193 serum samples were collected from 8 intensive farms from 5 provinces in China and analysed in the current research. Our clinical survey showed that 65.2% to 100% of breeding broilers, breeding layers, broilers and laying hens were seropositive for ORT antibodies. From 8 intensive farms, six ORT isolates were identified by PCR and biochemical assays, and two H9N2 viruses were isolated. Newcastle Disease Virus (NDV) and Infectious BronchitisVirus (IBV) were excluded. Typical pneumonia and airsacculitis were observed both in broilers inoculated intraperitoneally with an ORT isolate alone and in those co-infected with ORT and H9N2 virus isolates. Specifically, the survival rate was 30%, 20%, 70%, 50% and 90% in birds inoculated with ORT+H9N2 virus, ORT followed by H9N2 virus, H9N2 virus followed by ORT, and ORT or H9N2 virus alone, respectively.

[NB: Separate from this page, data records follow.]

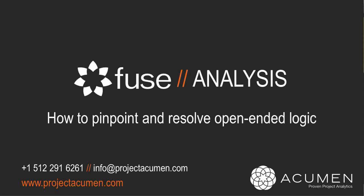Pinpointing and resolving open-ended logic. Ensuring sound logic in a schedule is by far the most important ingredient in ensuring a sound basis of schedule, which in turn ultimately leads to project success.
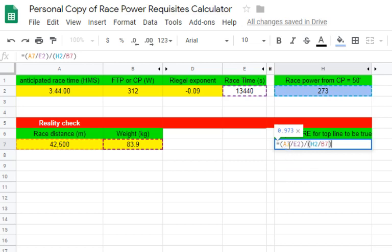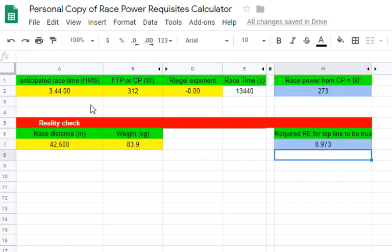The running effectiveness equation takes the race distance divided by E2 (the race time in seconds) — giving meters per second — and divides by H2 (the race power based on that time) divided by B1 (the runner's weight). So it takes the time you've entered, the power calculated from that time, the distance, and the weight, and computes running effectiveness.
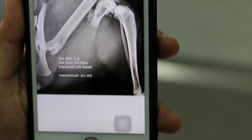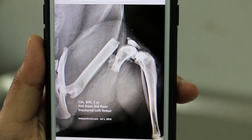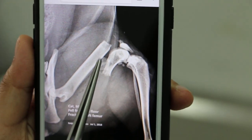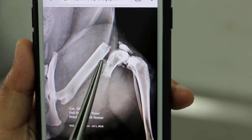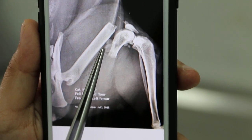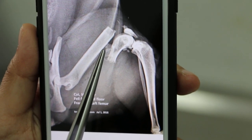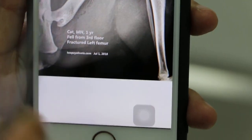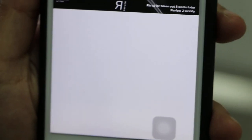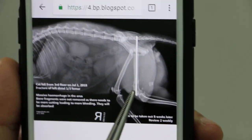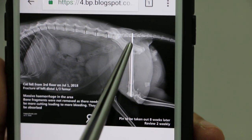Now we look at the ventral-dorsal view. You can see the fracture is a spiral fracture. There are some fragments lying around. We don't remove the fragments during surgery as they dissolve by themselves — removal would cause more bleeding. Now we look at the third x-ray, which shows that the pin was inserted 8 days ago.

The results of this study suggest that ORT infections of domestic poultry have been occurring frequently in China. ORT infection can induce higher economic losses and mortality if H9N2 AIV is also present. Although the isolation of ORT and H9N2 virus has been reported previously, there have been no reported co-infections of poultry with these two pathogens. This is the first report of co-infection of broilers with ORT and H9N2 virus, and this co-infection is probably associated with the outbreak of broiler airsacculitis in China, which has caused extensive economic losses.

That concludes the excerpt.